- [WHAT TO DO] When copying the listing below, skip every picture and repeat exactly the lines from the first one through the line that contains "LumiSource Marla Vanity Stool, Gold/Cream".

- [DATA FOR PROCESSING]
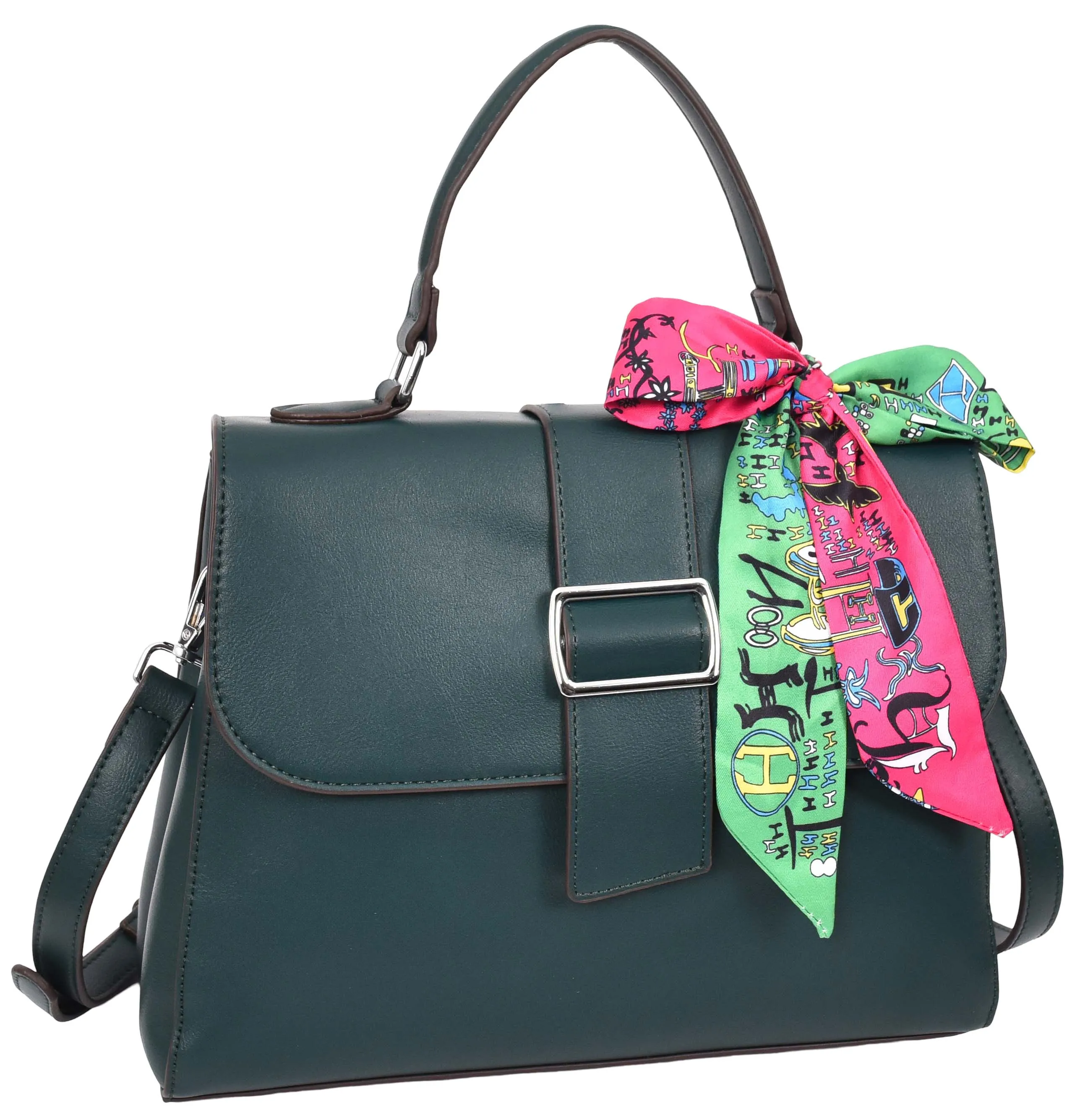 Brielle Women's Faux Leather Classic Satchel Style Handbag Green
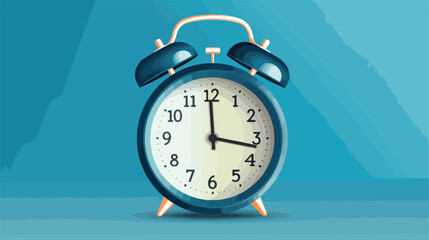 Blue alarm clock icon vector illustration on white  - obrazy, fototapety, plakaty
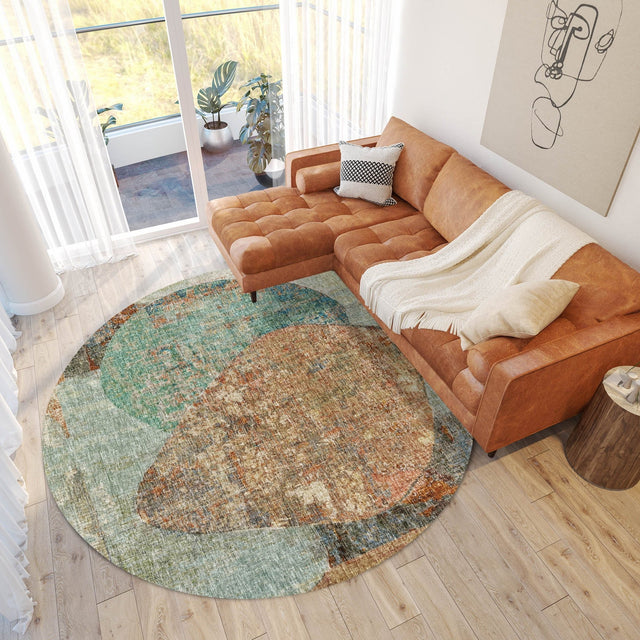Dalyn Boca BO11 Teal Rug shown in a room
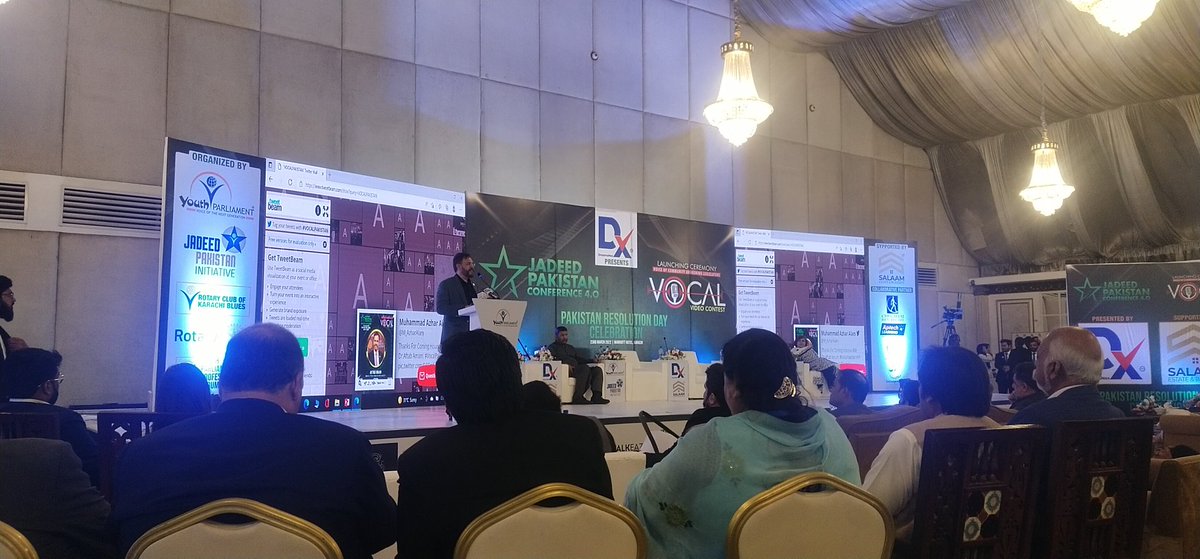 RotaractPak's tweet image. DG @RotaryPakistan District 3271 Mr. Aftab imam sharing his views at #JadeedPakistan Conference, #VocalPakistan by Youth Parliament, Rotary club of Karachi Blues.
#Rotary #YP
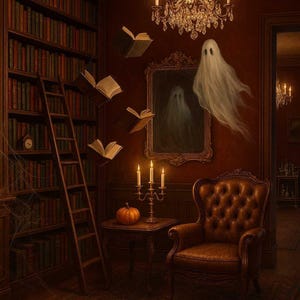 Haunted Library Ghost Art Print – Gothic Halloween Wall Decor | Vintage Library with Floating Books & Ghost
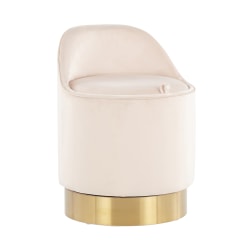 LumiSource Marla Vanity Stool, Gold/Cream
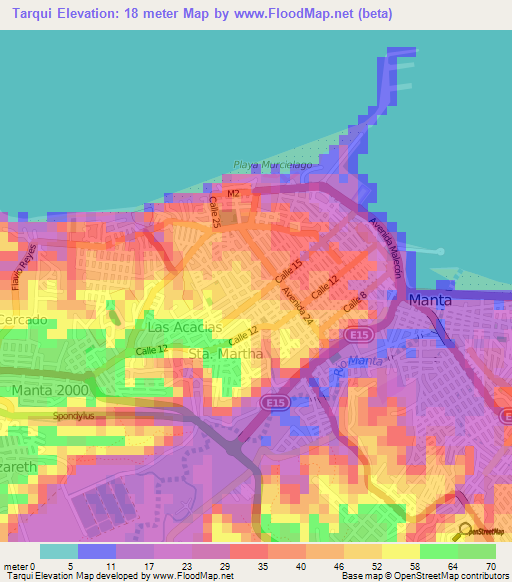 Tarqui,Ecuador Elevation Map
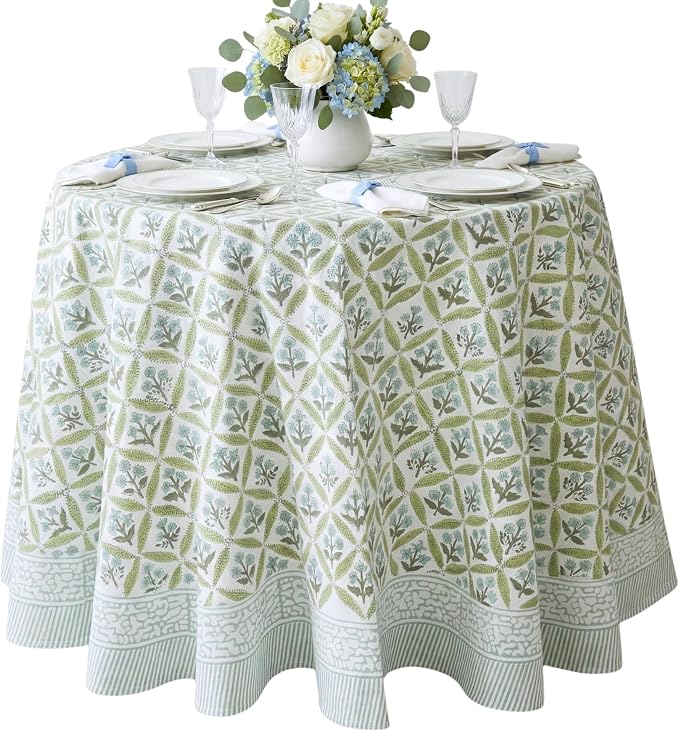 ATOSII Netta Green 100% Cotton Round Boho Fall Tablecloth, Handblock Floral Table Cloth Linen for Kitchen Dining I Parties Weddings Outdoors Picnics Easter Mothers Day I 72" Inches Round I 4 Seater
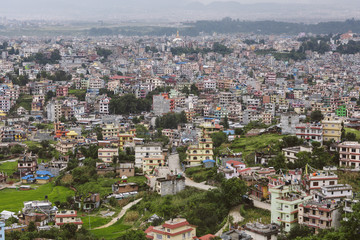 Fototapeta na wymiar Panoramic aerial view on Kathmandu, Nepal.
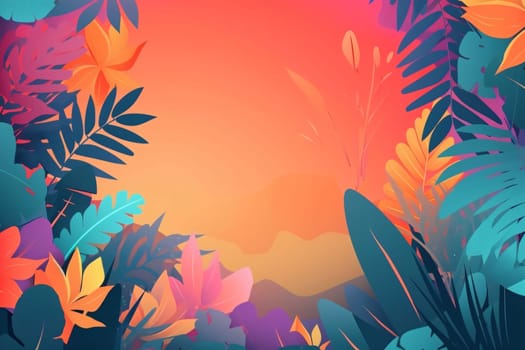 Banner: Tropical leaves background. Vector illustration in flat cartoon style.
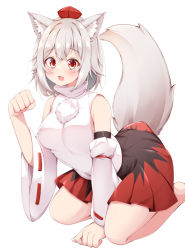 Rule 34 | 1girl, animal ear fluff, animal ears, barefoot, black skirt, detached sleeves, fang, full body, hat, inubashiri momiji, looking at viewer, open mouth, pom pom (clothes), red eyes, red hat, red skirt, ribbon-trimmed sleeves, ribbon trim, rururiaru, seiza, shirt, simple background, sitting, skirt, smile, solo, tail, tokin hat, touhou, two-tone skirt, white background, white shirt, wide sleeves, wolf ears, wolf girl, wolf tail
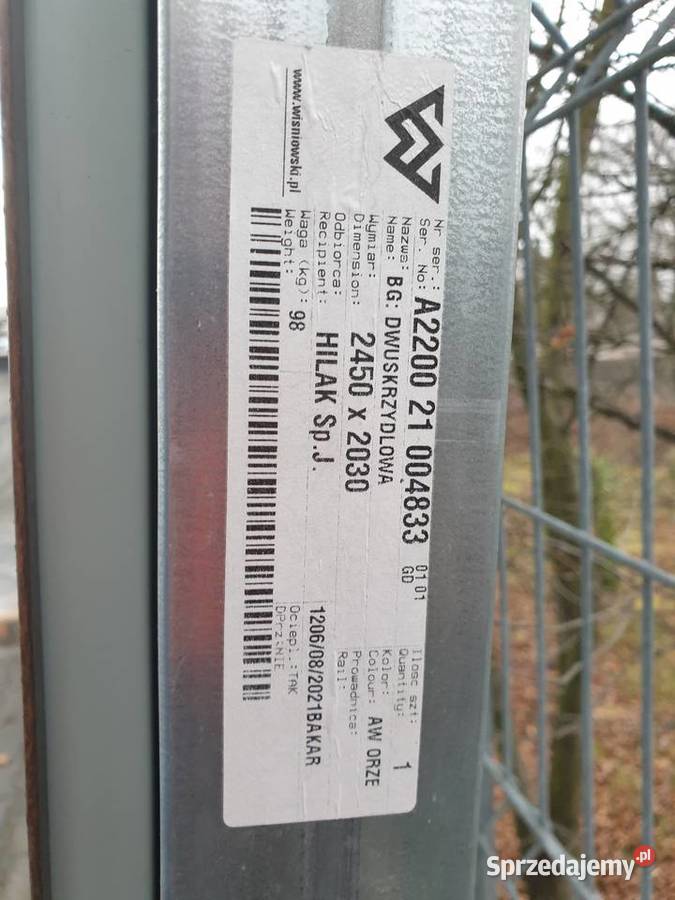 Brama garażowa WIŚNIOWSKI dwuskrzydłowa orzech garażowa Bramy Opoczno sprzedam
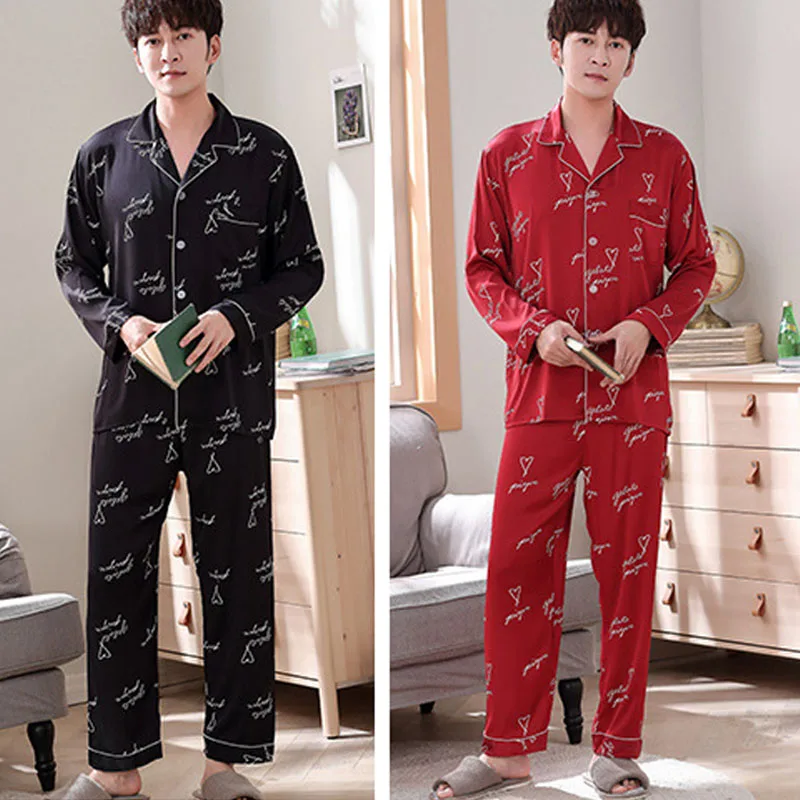 

Men's Pajama Set Ice Silk Long-sleeved Lapel Large Size Home Service Suit Thin Letter Printed Pijama Hombre Verano Men Sleepwear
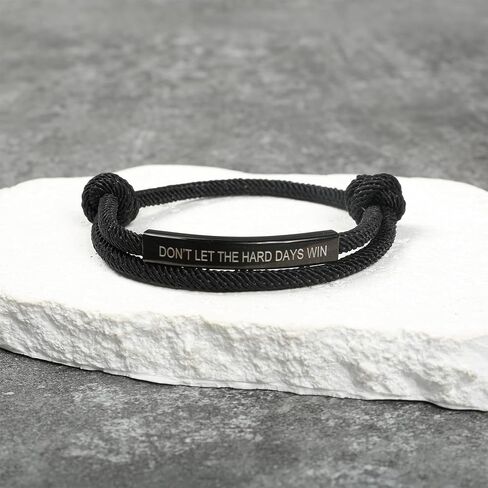 Dont Let The Hard Days Win Bracelet, Motivational Bracelet For Women Men, Adjustable Handmade Bradied String Inspirational Gifts in Saudi Arabia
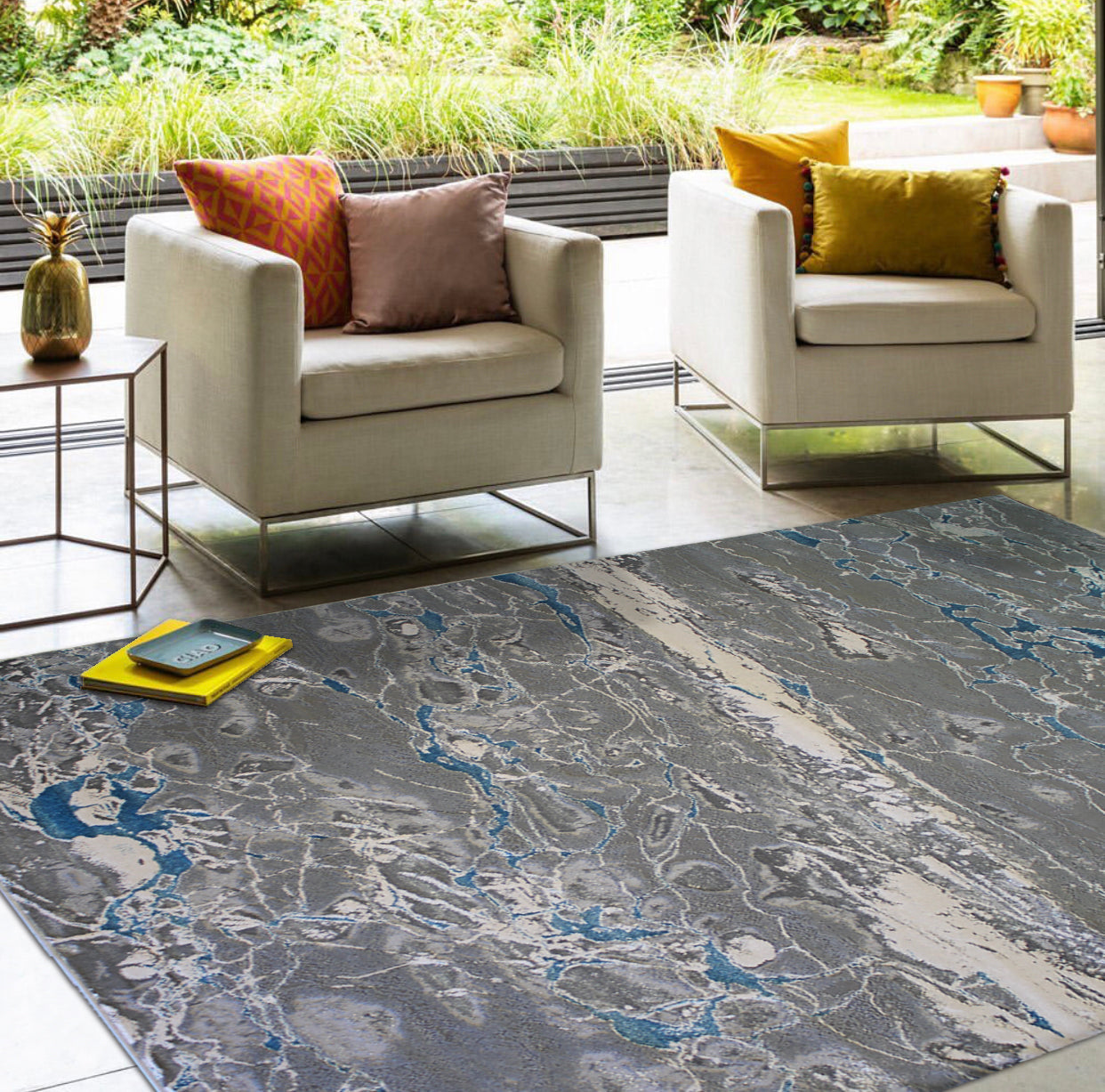 Maximus Dwindling Rivers Indoor | Outdoor Area Rug, Blue & Platinum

- [OUTPUT BELOW]
 Brielle Women's Faux Leather Classic Satchel Style Handbag Green
 Blue alarm clock icon vector illustration on white  - obrazy, fototapety, plakaty
Dalyn Boca BO11 Teal Rug shown in a room
 RotaractPak's tweet image. DG @RotaryPakistan District 3271 Mr. Aftab imam sharing his views at #JadeedPakistan Conference, #VocalPakistan by Youth Parliament, Rotary club of Karachi Blues.
#Rotary #YP
 Haunted Library Ghost Art Print – Gothic Halloween Wall Decor | Vintage Library with Floating Books & Ghost
 LumiSource Marla Vanity Stool, Gold/Cream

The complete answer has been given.